The atmosphere of the Midnight Sun Film Festival is one of the most unique in the whole world: the most fascinating film directors around the world, up-and-coming talents, an international audience and the inhabitants of Sodankylä all meet under the midnight sun in the relaxed and informal "spirit of Sodankylä". 

Films are screened in four venues continually – 24 hours a day – and the actual time is easily forgotten: the sun shines as brightly at 4 a.m. as at 4 p.m.

We decided to look closer at this unique event and asked Timo Malmi, programme director of the Midnight Sun Film Festival, to answer some essential questions about this cinematic celebration.

The Midnight Sun Film Festival was founded in 1986. What does it take to maintain the festival at a constant quality for so many years? What changes has the festival experienced?

Basically, the festival is on the same base as it was in the beginning. Why change the principles if they have proven to be the right ones for our aims and success? Of course, there have been "superficial" changes as the festival has grown little by little: now there are four venues instead of two, 25 000 attendees instead of 5 000, 130 screenings of 90 films instead of 40 screenings of 30 films, etc.

Aki Kaurismäki. Publicity photo

The Midnight Sun Film Festival was founded by Aki and Mika Kaurismäki and Peter von Bagh. As it is well known, Aki Kaurismäki is one of those European directors whose films have earned both international acclaim and cult film status, and his films fit perfectly within an “auteur” cinema concept – a theory that French cinema theorists came up with. What is Kaurismäki’s influence on contemporary Finnish cinema? Is it possible to observe this influence at this festival?

Aki is a unique personality in Finnish cinema who has his own style and way of thinking. Some have tried to imitate him - but with modest results. As a result, that influence has been seen only in his own films, which we have screened a lot during these 30 years. But otherwise, his contribution has been essential because as a member of the Artistic Committee, he has done so much – for example, getting famous directors from all over the world to come be our guests.

The White Reindeer (Valkoinen peura), a 1952 Finnish horror drama film directed by Erik Blomberg

The festival programme is an enticing combination of old and new. Timeless masterpieces of veteran filmmakers will be presented side by side with the most engrossing contemporary films. Are there any films that have already inherited this “timeless” status from 1986, and have come back for subsequent festivals already as one of the “old” ones?

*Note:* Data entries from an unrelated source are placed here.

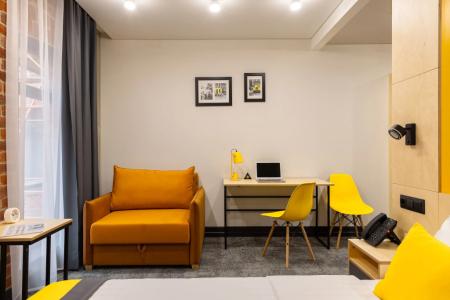 Хостел - Коливинг Community Heroes - 240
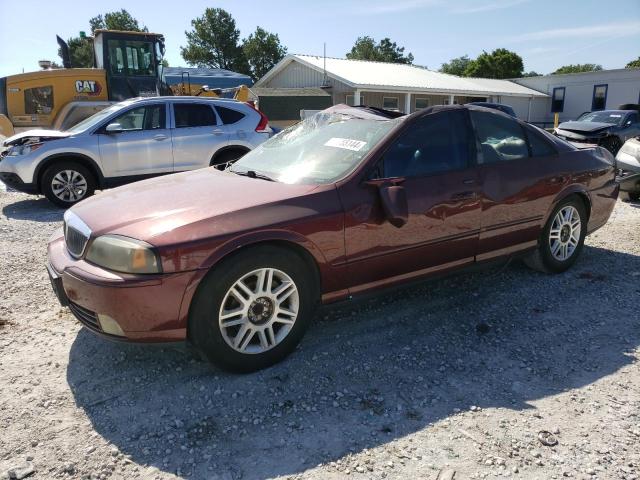 2003 LINCOLN LS, 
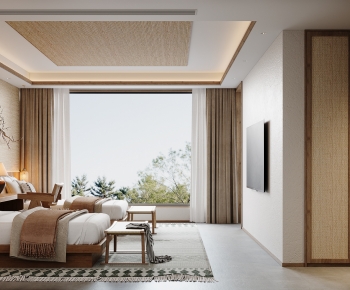 New Chinese Style Guest Room-ID:100610392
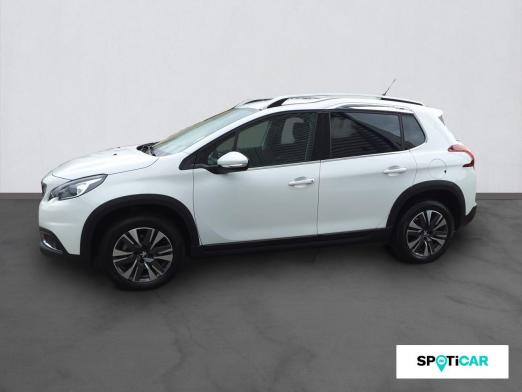 achat PEUGEOT 2008 occasion à Rodez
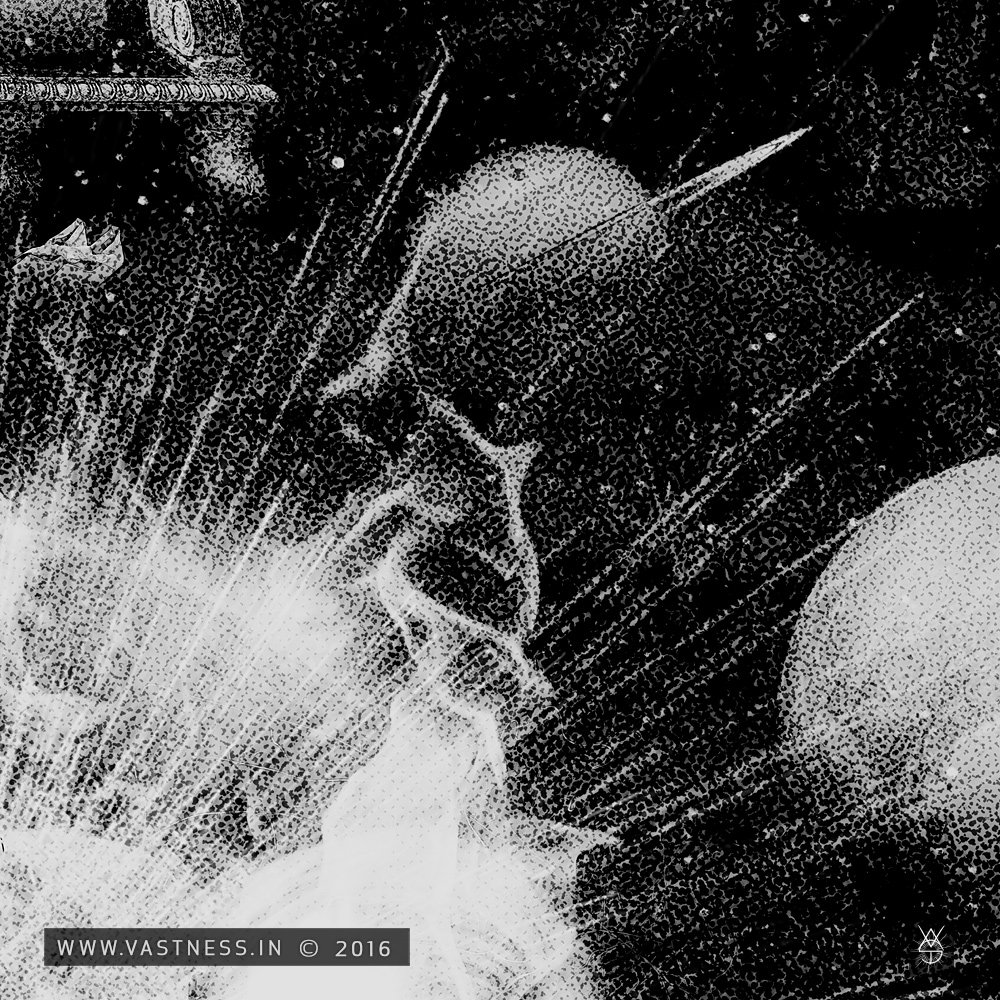 VastnessIn's tweet photo. Sanctuary 2016.
#vast #vastness #artwork #art #fine art #print #collage #digital #detail #offset #black https://t.co/LUJCK6sIld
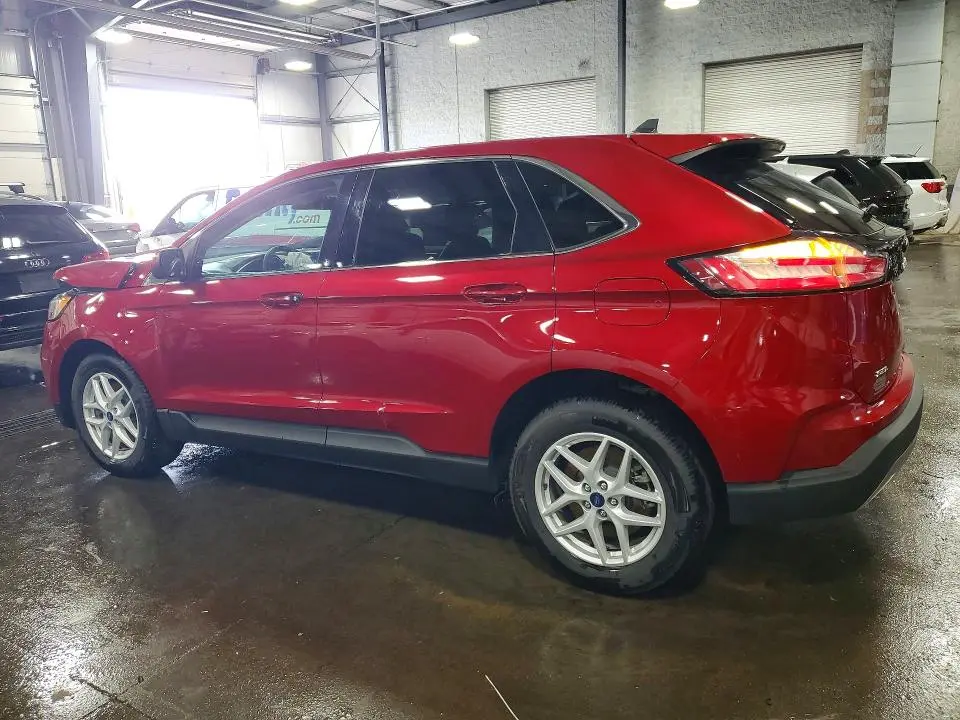 2021 FORD EDGE SEL  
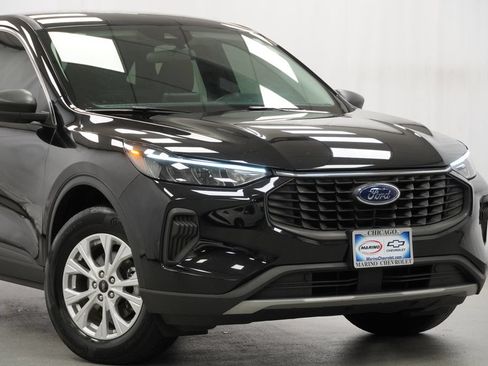 Used 2024 Ford Escape Active AWD/4WD image 9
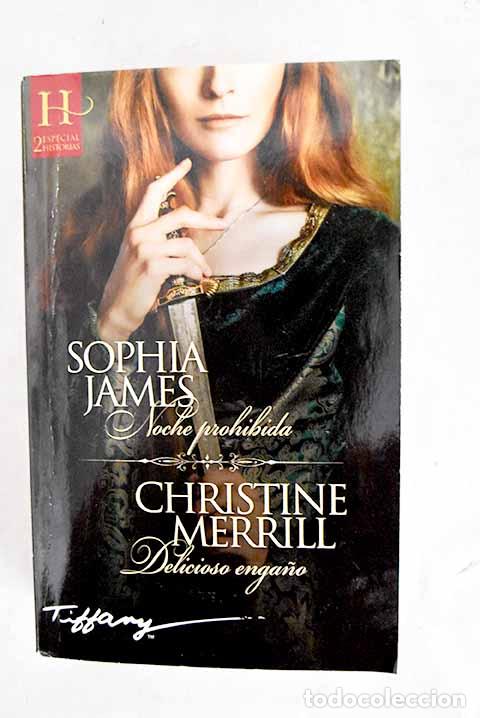 B&uuml;cher: Noche prohibida: : Harlequin Ib&eacute;rica.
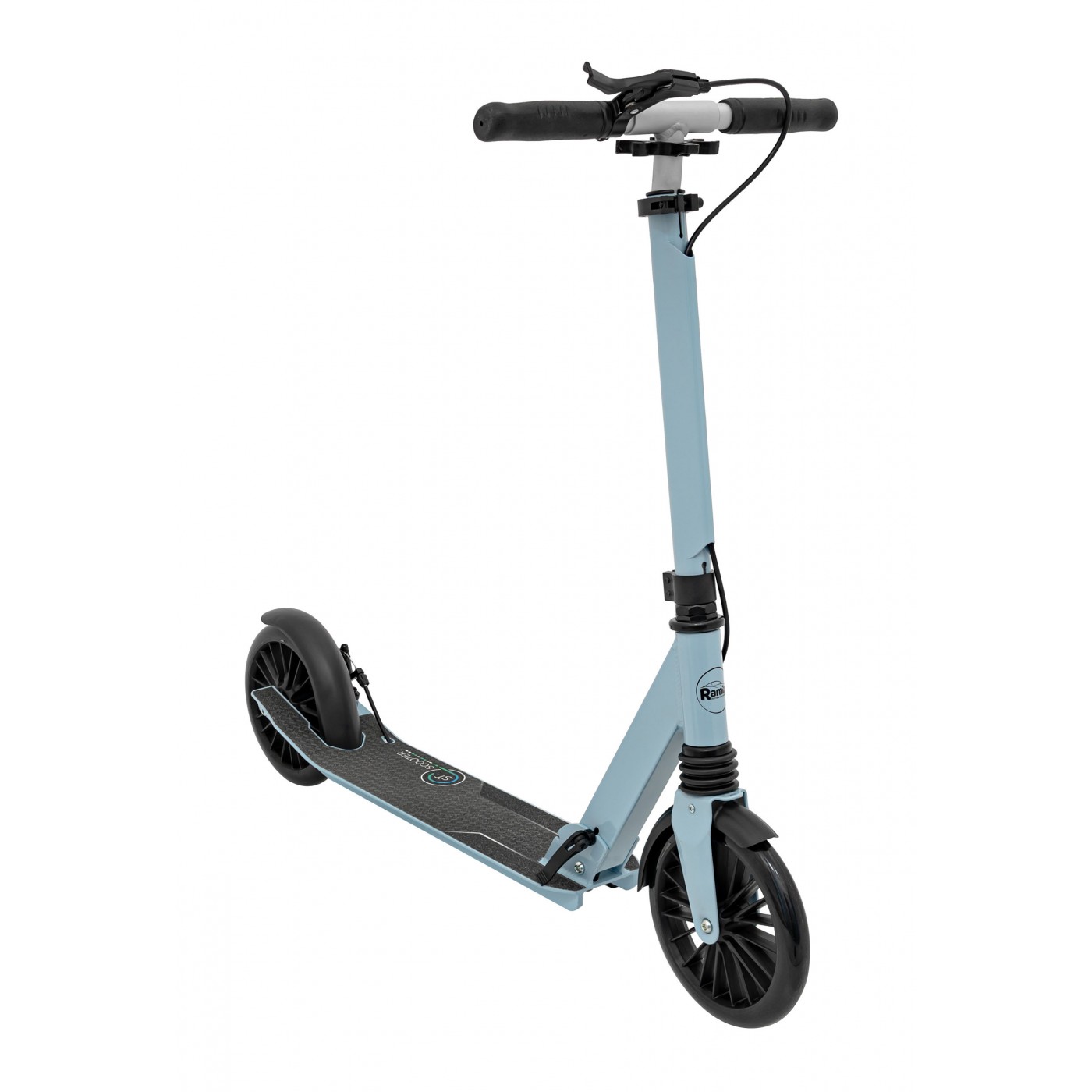Dětská koloběžka SporTrike modrá - Obrázek 2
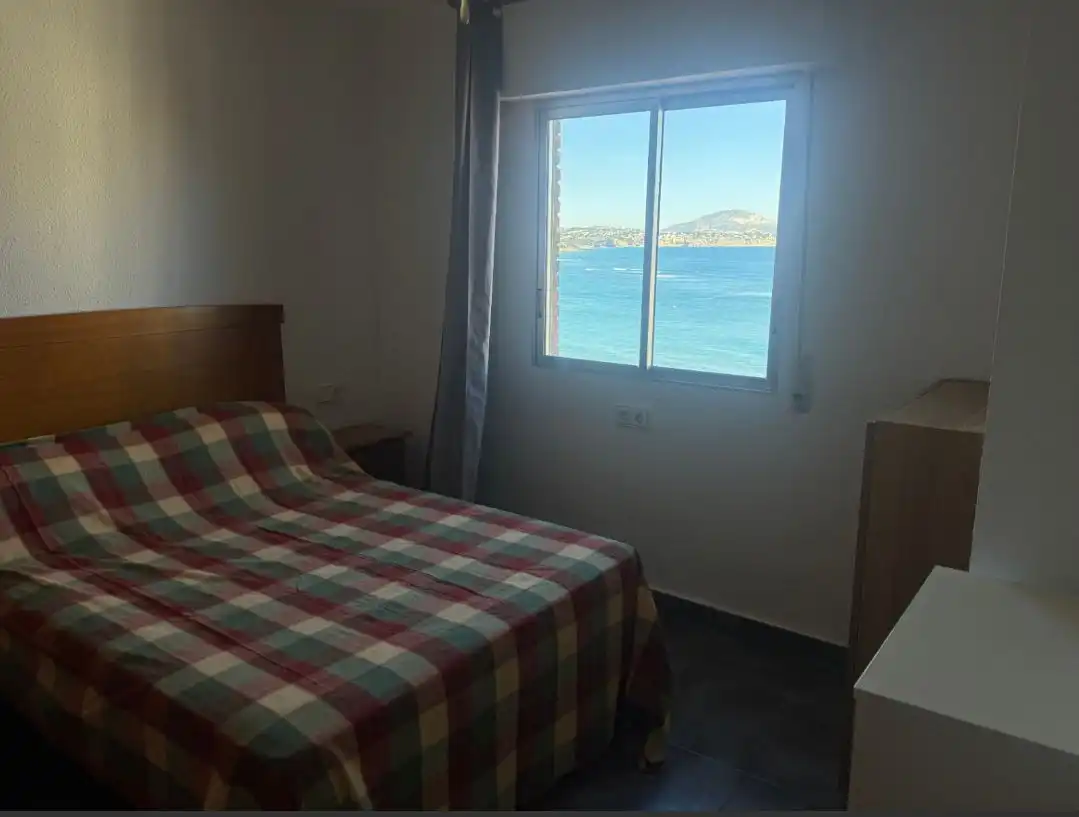 Dormitori de Apartament en venda en Calpe / Calp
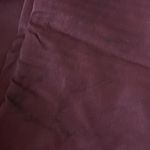 Mind Code  Faux Leather Jeans. Burgundy. Small. NWOT Photo 2
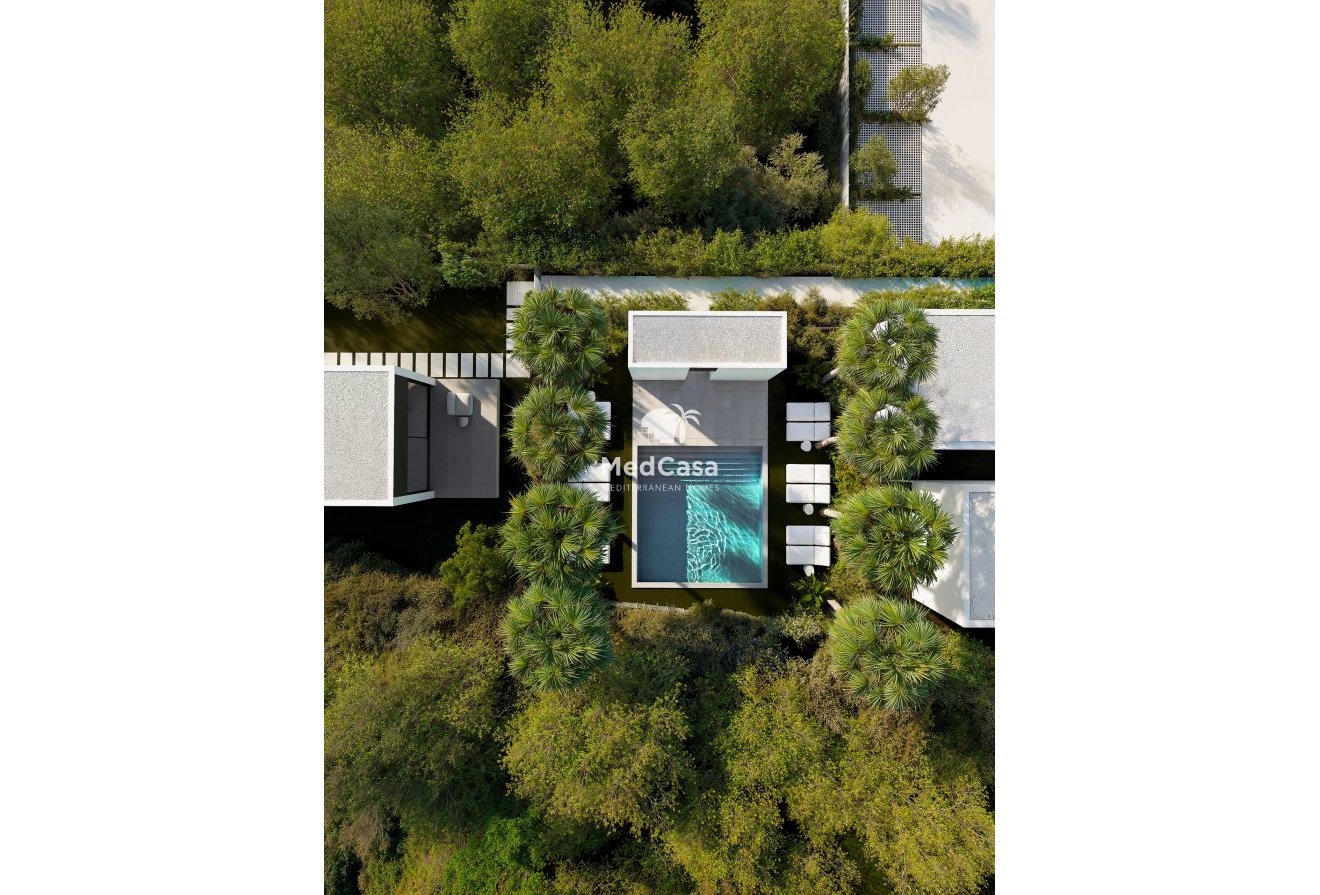 New Build - Villa -
Alfaz del Pi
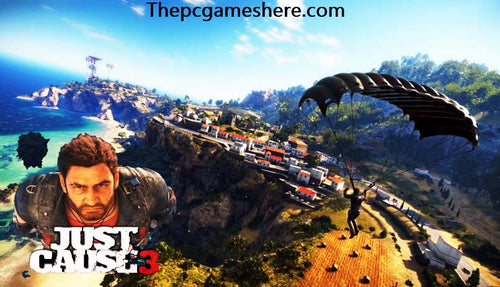 Just Cause 3 - Modded Account + Mod Menu (Android)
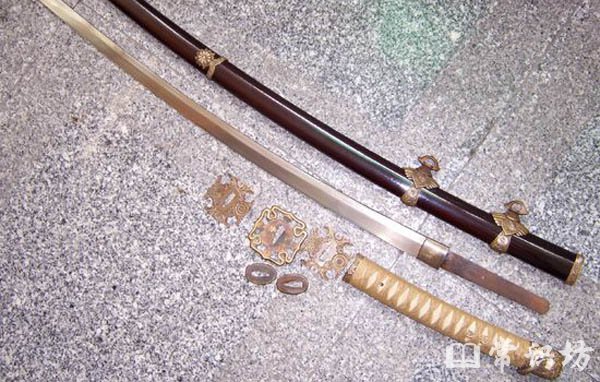 日本古代十大名刀排行榜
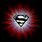 Superman Logo with C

The first festival was started by a Finnish classic called “The White Reindeer”, which was filmed in Lapland. Over the years we have shown this film several times for the always-thankful audience. The master of ceremonies for the first festival was a Hollywood veteran, Samuel Fuller. This year his daughter, Samantha Fuller, will come and present a documentary about her father, “A Fuller Life”. And there's also a Samuel Fuller Street in Sodankylä...

To crown the cinematic celebration, every year since the very first festival the director Peter von Bagh has held morning discussions with the main guests. Who will be this year’s special guests? And what will be the main discussion topics?

The morning discussions will take place with the directors Gleb Panfilov (Russia), Peter Greenaway (Britain), Olivier Assayas (France), Mahamat-Saleh Haroun (Chad) and the film critic Alain Bergala (France). The topics range from the life of the director to his films, career and general opinions.

What are the main highlights of each program section?

To mention just one, I would like to praise our screenings of silent classics accompanied by live music. This year we will show Victor Sjöström's Swedish film “The Outlaw and His Wife”, and G.W. Pabst's German film “The Joyless Street” – both accompanied by the “Matti Bye Ensemble” from Sweden. And Chaplin shorts with music by the Finnish band “Cleaning Women”. The screenings take place in a big circus tent with 600 people watching the show.